START Data

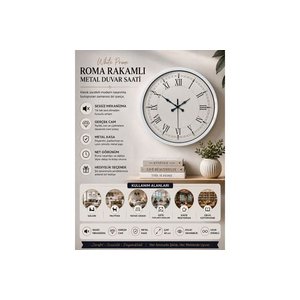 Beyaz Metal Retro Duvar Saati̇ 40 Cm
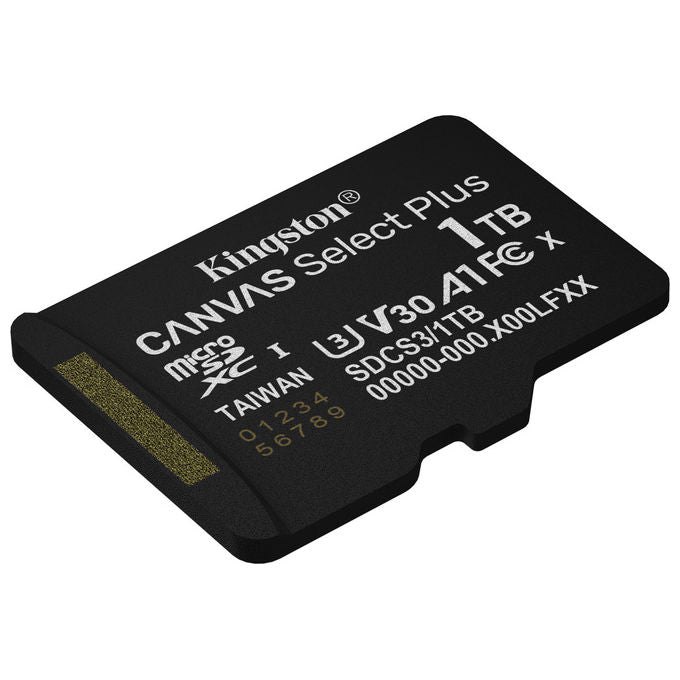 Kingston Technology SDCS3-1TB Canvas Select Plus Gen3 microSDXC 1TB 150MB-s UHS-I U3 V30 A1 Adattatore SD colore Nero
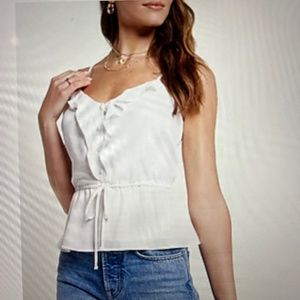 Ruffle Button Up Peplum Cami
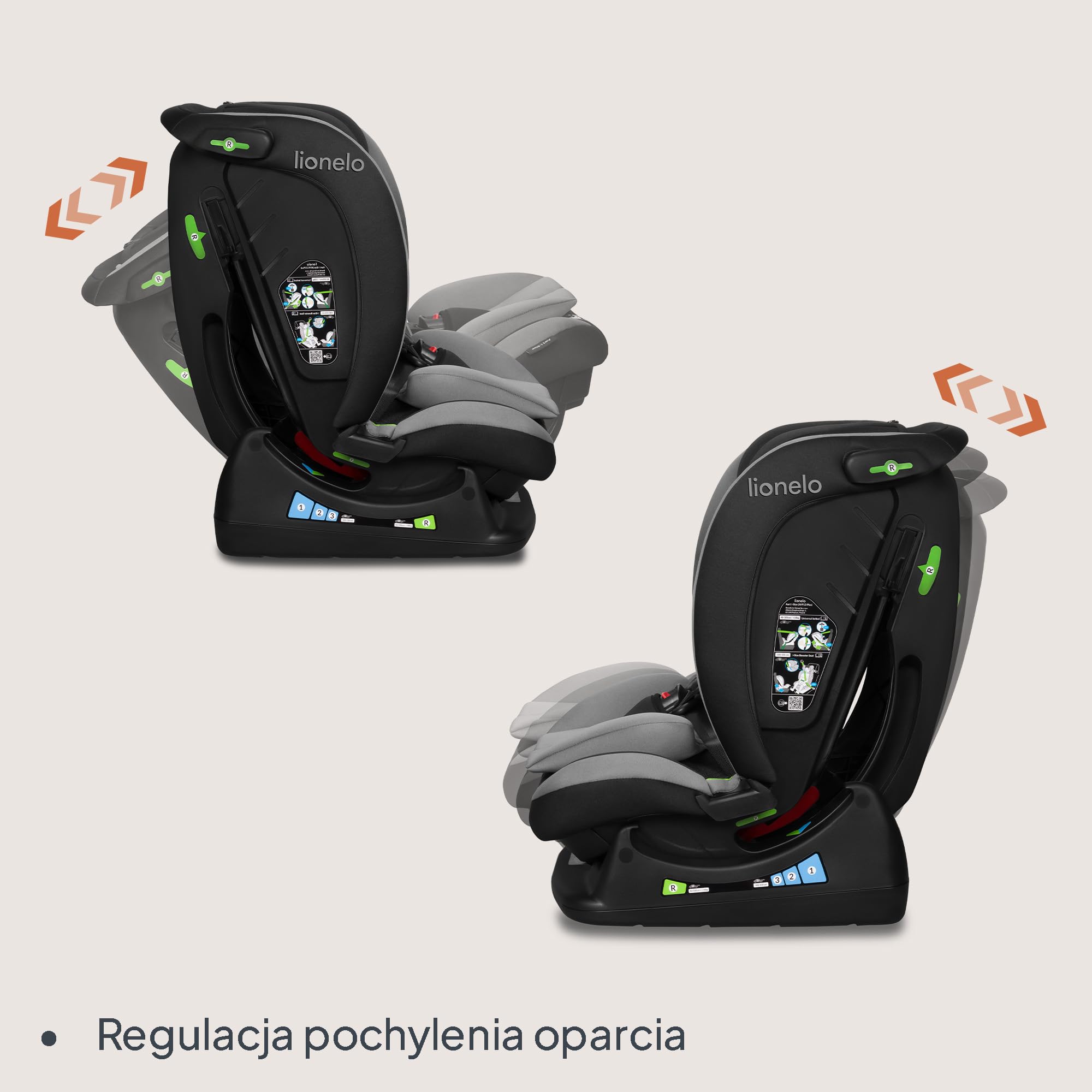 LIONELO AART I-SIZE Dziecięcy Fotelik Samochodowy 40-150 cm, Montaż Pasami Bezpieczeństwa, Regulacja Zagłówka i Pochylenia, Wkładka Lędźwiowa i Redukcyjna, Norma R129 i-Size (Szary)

END Data

**Work task:**
From the line with "Ruffle Button Up Peplum Cami" through the end of the listing, write out every line exactly, leaving out the pictures.

**Expected answer:**
 Ruffle Button Up Peplum Cami
 LIONELO AART I-SIZE Dziecięcy Fotelik Samochodowy 40-150 cm, Montaż Pasami Bezpieczeństwa, Regulacja Zagłówka i Pochylenia, Wkładka Lędźwiowa i Redukcyjna, Norma R129 i-Size (Szary)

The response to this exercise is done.